▶ Information provided:
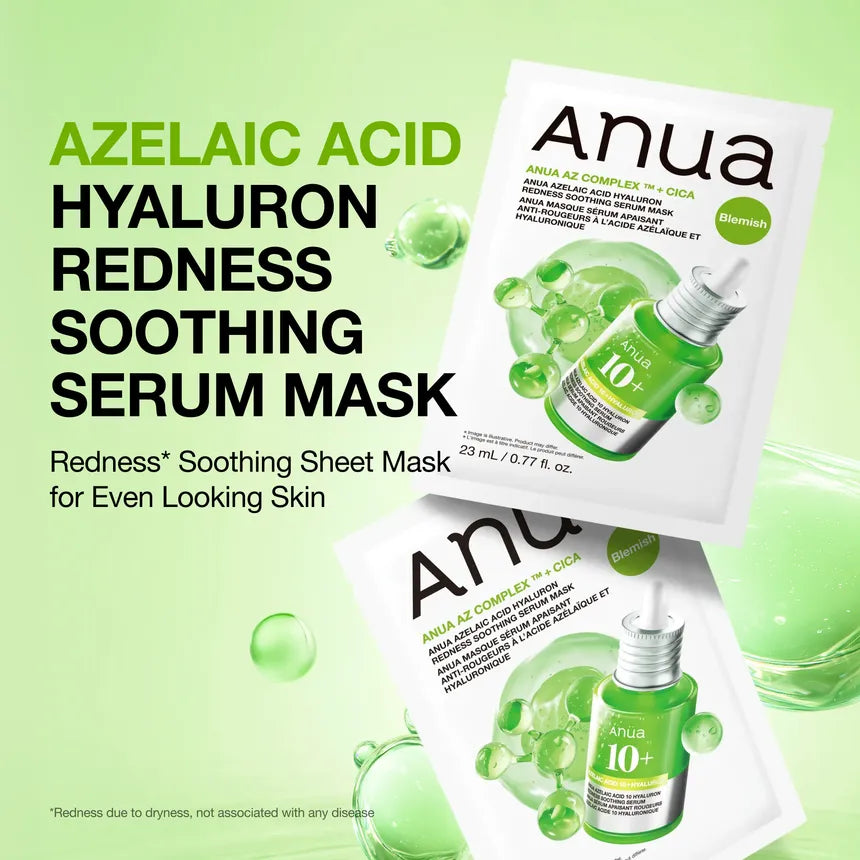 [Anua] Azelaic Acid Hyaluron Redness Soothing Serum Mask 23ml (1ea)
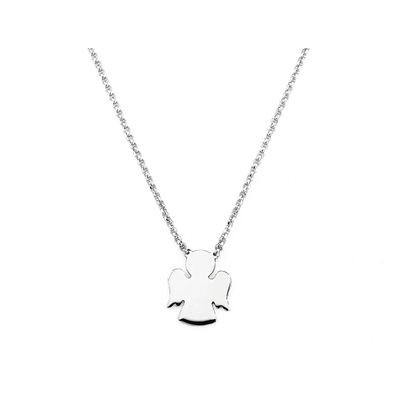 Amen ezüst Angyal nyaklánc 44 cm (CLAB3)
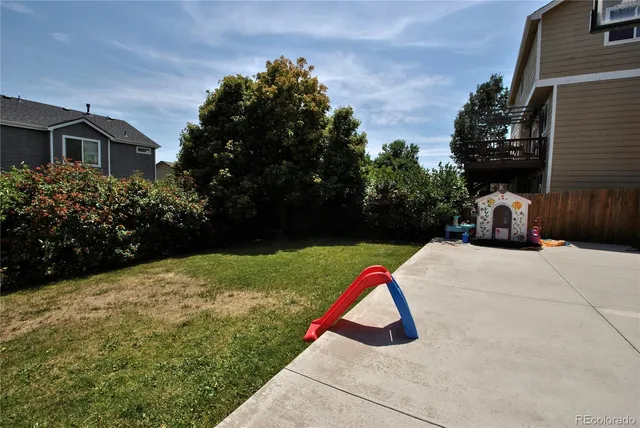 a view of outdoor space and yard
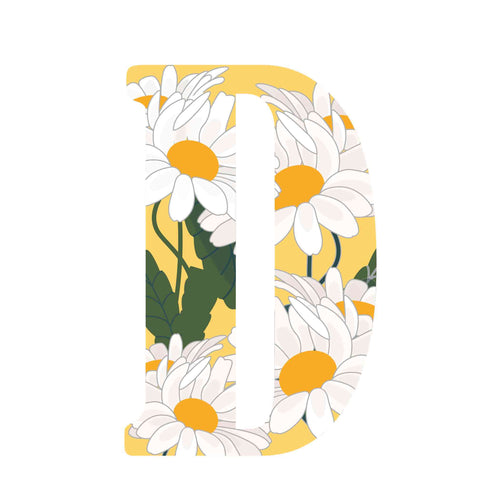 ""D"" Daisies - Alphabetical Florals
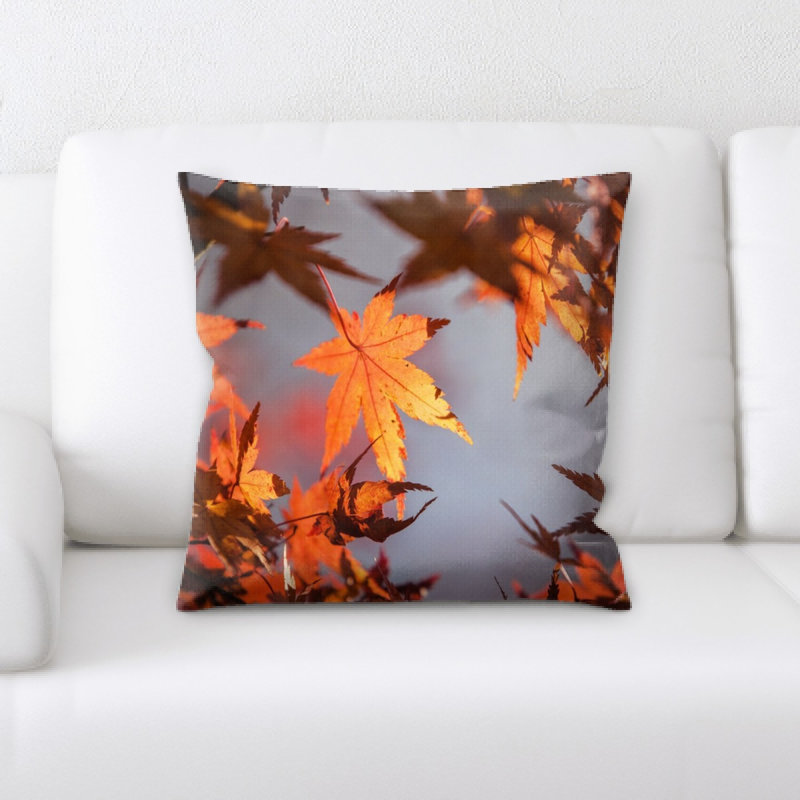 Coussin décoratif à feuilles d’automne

▶ Action item:
In your copy of the records, include no pictures; repeat everything else exactly.

▶ Response to the task:
 [Anua] Azelaic Acid Hyaluron Redness Soothing Serum Mask 23ml (1ea)
 Amen ezüst Angyal nyaklánc 44 cm (CLAB3)
 a view of outdoor space and yard
 ""D"" Daisies - Alphabetical Florals
 Coussin décoratif à feuilles d’automne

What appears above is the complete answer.